Still, you have to give Silva credit. He knows there's no redemption to be found in slinking away and vanishing, that the only way he can save his legacy is by showing his face and that the only way to prove the skeptics wrong is to show them the old Anderson Silva magic once more, this time unmarred by steroids and lurid stories about vials from Thailand filled with sexual-performance drugs.

And if what Silva is after is, in fact, redemption then he couldn't do any better than to fight Michael Bisping. Not because Michael Bisping is the best fighter in the middleweight division but because Michael Bisping is the best trash-talker in the middleweight division.
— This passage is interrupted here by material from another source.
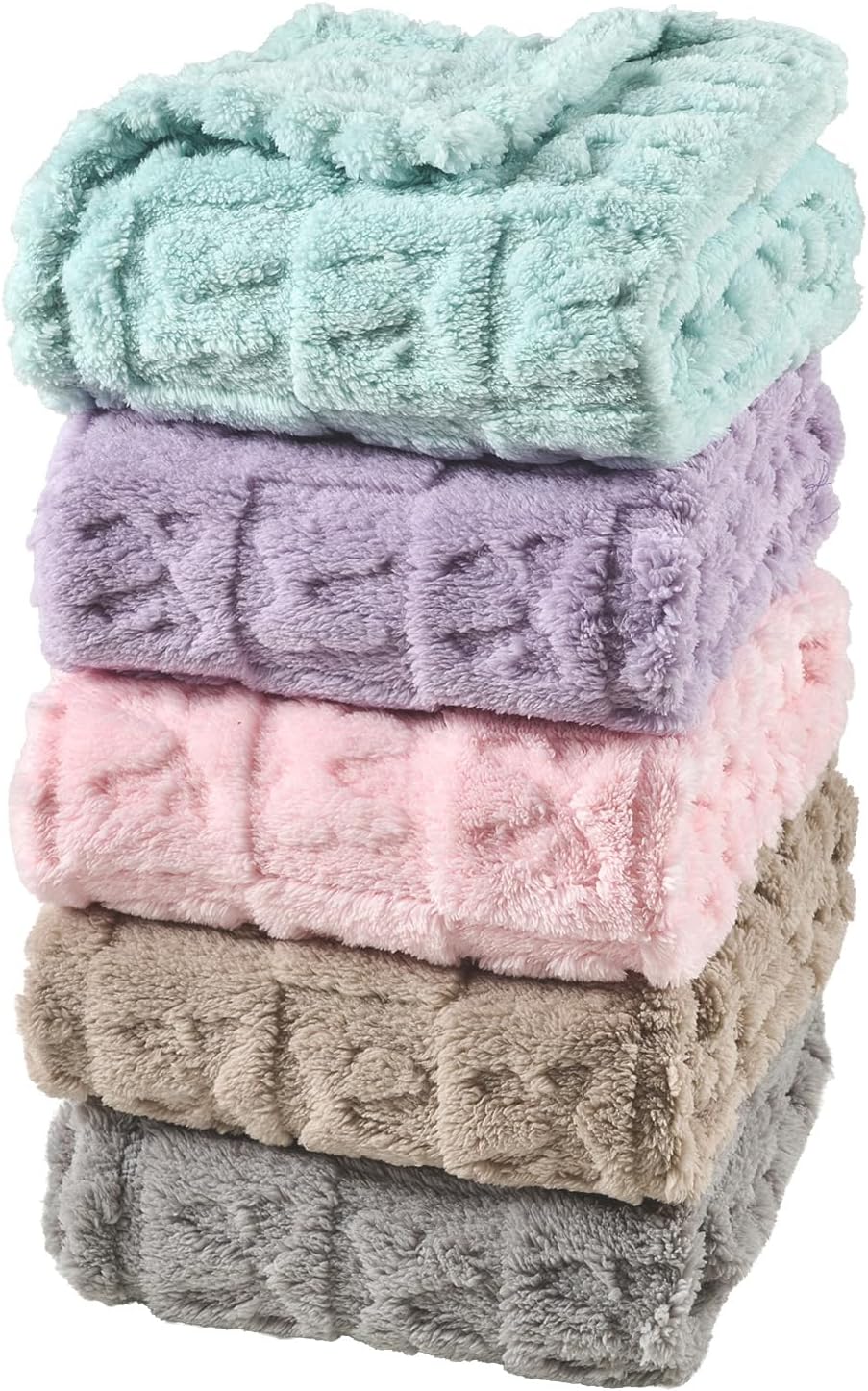 5 Pcs Baby Blanket Bow Checkerboard Ultra Soft Gift-Ready Plush for Newborns, Nursery & Stroller 30"x40" Pink Blue Light Brown Green Beige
Bisping was never going to let Anderson Silva or anyone else forget why Silva was gone for a year-and-a-half and how, in Bisping's opinion, Anderson Silva built his reputation as a genius. Silva had to know that Bisping wasn't going to ignore Silva's failed drug tests like some other fighters he could have fought would have, either out of decency or propriety or indifference or promotional incapacity. He knew that Bisping was going to turn those failed drug tests into a lash and a means to gin up interest in their fight: Look at the cheater, slinking back into the cage after years as the untouchable champion, dirtied beyond recognition yet desperate for love. And now look at me: the righter of great historical wrongs, clean as a whistle yet for so many years denied my chance at Silva's title—the true, clean champion, undone by injustices. By agreeing to face Michael Bisping in his first fight back, Anderson Silva was agreeing to public contrition.

Just look at a recent exchange between the two men on Instagram. Silva uploaded a post mocking Bisping for kicking his own trainer while hitting pads at an open workout the other day, and immediately Bisping responded by sending out a copy of his most recent clean drug-test report: a wildly disproportionate response to a bit of light ribbing, but if what Silva is after is absolution he couldn't have planned it any better. Goading Michael Bisping was an act of expiation, of penance, of mortification, of self-flagellation, a mea culpa that any medieval monk would be jealous of. Michael Bisping has become the vehicle for Anderson Silva's redemption. It's all over now but the bloodletting.